■ Exercise aim: Would you please return the line containing "Pizza emocji. Zestaw" and all the lines after it through the end of the records below, unchanged and on their own?

+-------+

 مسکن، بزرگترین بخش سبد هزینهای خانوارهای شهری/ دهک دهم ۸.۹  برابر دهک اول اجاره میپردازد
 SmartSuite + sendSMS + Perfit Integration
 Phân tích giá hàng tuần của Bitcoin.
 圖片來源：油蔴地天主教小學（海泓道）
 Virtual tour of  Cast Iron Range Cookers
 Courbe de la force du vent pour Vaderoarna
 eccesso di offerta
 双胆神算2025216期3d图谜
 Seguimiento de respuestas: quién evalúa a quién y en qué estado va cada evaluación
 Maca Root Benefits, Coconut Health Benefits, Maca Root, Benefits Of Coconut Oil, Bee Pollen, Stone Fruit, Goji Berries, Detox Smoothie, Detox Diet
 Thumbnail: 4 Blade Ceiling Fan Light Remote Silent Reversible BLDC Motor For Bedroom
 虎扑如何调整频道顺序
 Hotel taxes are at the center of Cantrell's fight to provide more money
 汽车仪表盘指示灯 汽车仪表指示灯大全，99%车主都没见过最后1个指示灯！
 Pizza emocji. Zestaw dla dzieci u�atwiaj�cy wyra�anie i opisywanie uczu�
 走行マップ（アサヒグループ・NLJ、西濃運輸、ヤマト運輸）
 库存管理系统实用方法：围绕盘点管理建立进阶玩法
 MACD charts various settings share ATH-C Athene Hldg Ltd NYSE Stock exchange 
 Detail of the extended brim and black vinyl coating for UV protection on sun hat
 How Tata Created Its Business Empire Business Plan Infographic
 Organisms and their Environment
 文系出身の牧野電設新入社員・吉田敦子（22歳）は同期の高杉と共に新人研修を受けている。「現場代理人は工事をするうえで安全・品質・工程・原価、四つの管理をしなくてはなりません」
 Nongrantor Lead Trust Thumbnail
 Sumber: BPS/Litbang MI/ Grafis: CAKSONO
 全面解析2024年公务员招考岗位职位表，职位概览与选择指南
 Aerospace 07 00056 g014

+-------+

■ Solved exercise:
 Pizza emocji. Zestaw dla dzieci u�atwiaj�cy wyra�anie i opisywanie uczu�
 走行マップ（アサヒグループ・NLJ、西濃運輸、ヤマト運輸）
 库存管理系统实用方法：围绕盘点管理建立进阶玩法
 MACD charts various settings share ATH-C Athene Hldg Ltd NYSE Stock exchange 
 Detail of the extended brim and black vinyl coating for UV protection on sun hat
 How Tata Created Its Business Empire Business Plan Infographic
 Organisms and their Environment
 文系出身の牧野電設新入社員・吉田敦子（22歳）は同期の高杉と共に新人研修を受けている。「現場代理人は工事をするうえで安全・品質・工程・原価、四つの管理をしなくてはなりません」
 Nongrantor Lead Trust Thumbnail
 Sumber: BPS/Litbang MI/ Grafis: CAKSONO
 全面解析2024年公务员招考岗位职位表，职位概览与选择指南
 Aerospace 07 00056 g014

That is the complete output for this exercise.